Exercise objective.
Go to the line that contains "GIGALUMI Lampy solarne" in the listing below, then output it and every line after it exactly, omitting pictures.

===== Data shown =====

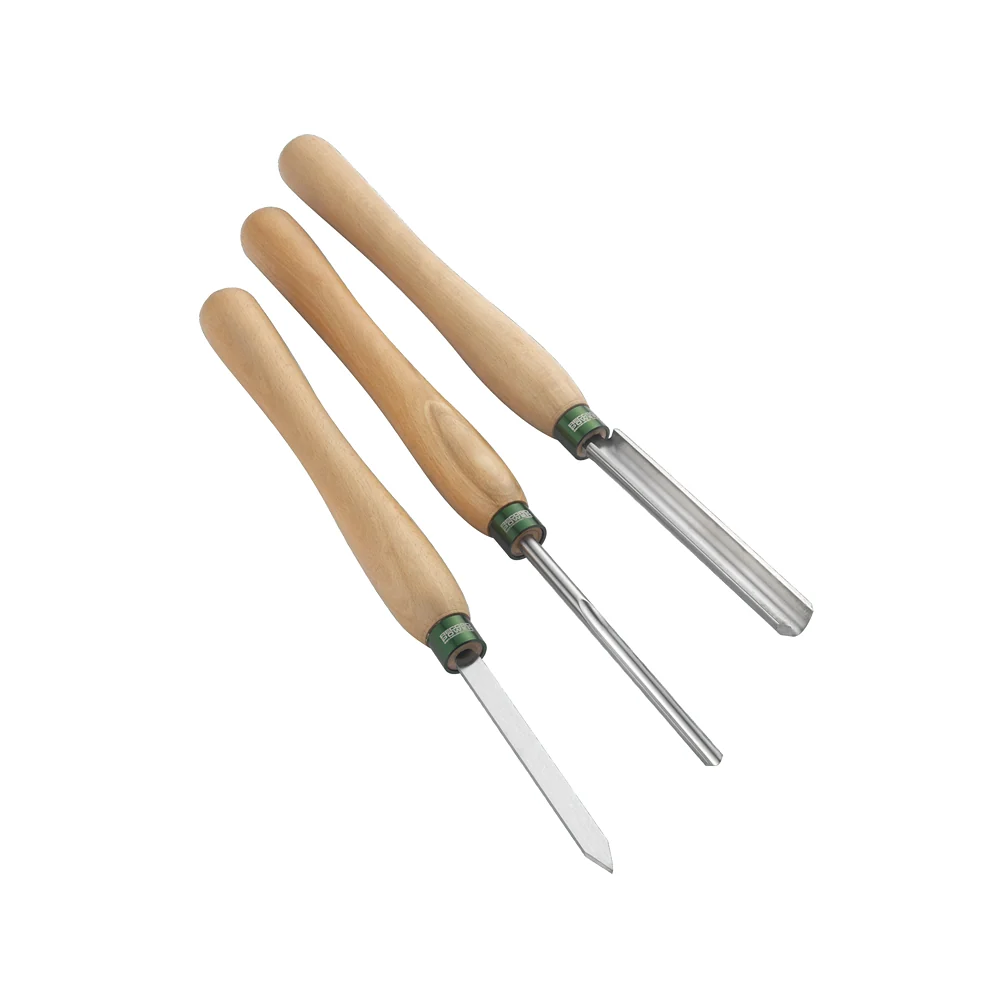 Premium Material Record Power 3 Piece Spindle Turning Set Versatile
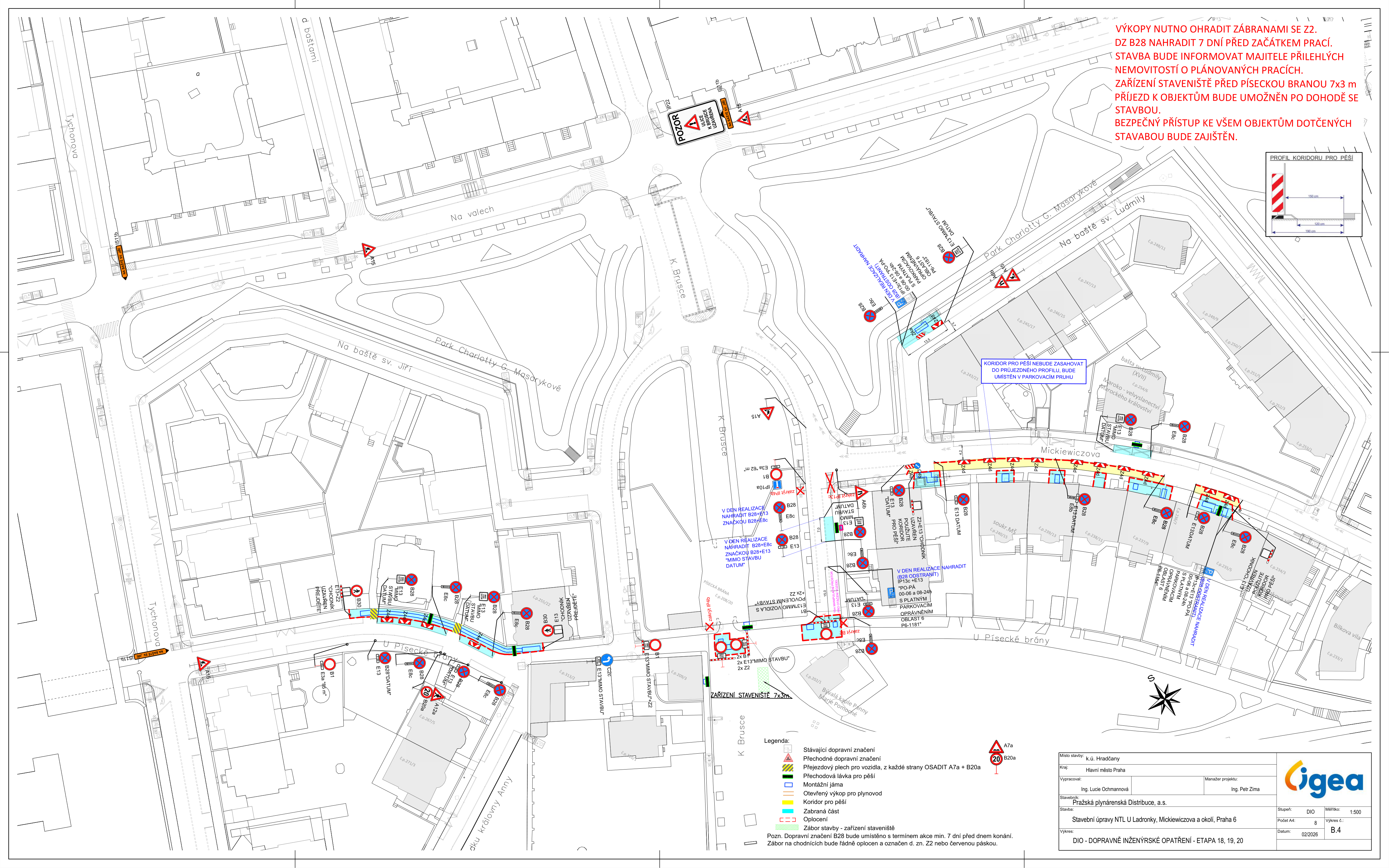 Dopravně inženýrské opatření (DIO) - plán dopravního značení a uzavírek pro stavební práce v ulicích U Písecké brány a Mickiewiczova.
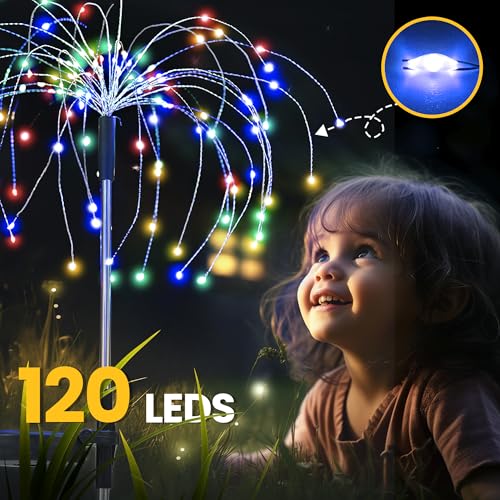 GIGALUMI Lampy solarne na zewnątrz, 120 diod LED, fajerwerki, wodoodporne, solarne światło typu starburst, dekoracyjne na balkon, taras, ogród, podwórko, ścieżkę (kolorowe)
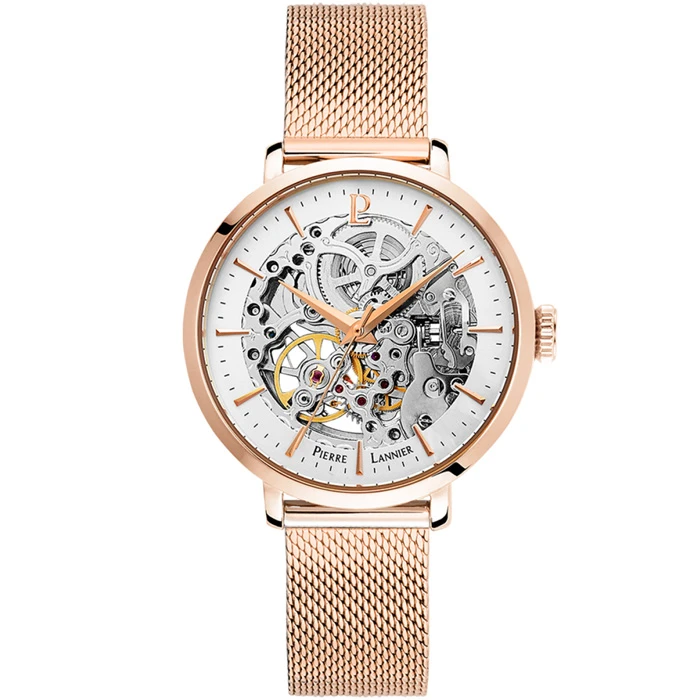 Дамски ръчен часовник с автоматичен механизъм - корпус от Стомана - Меш - цвят Скелетон Розово Злато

=====

Reply to the task.
 GIGALUMI Lampy solarne na zewnątrz, 120 diod LED, fajerwerki, wodoodporne, solarne światło typu starburst, dekoracyjne na balkon, taras, ogród, podwórko, ścieżkę (kolorowe)
 Дамски ръчен часовник с автоматичен механизъм - корпус от Стомана - Меш - цвят Скелетон Розово Злато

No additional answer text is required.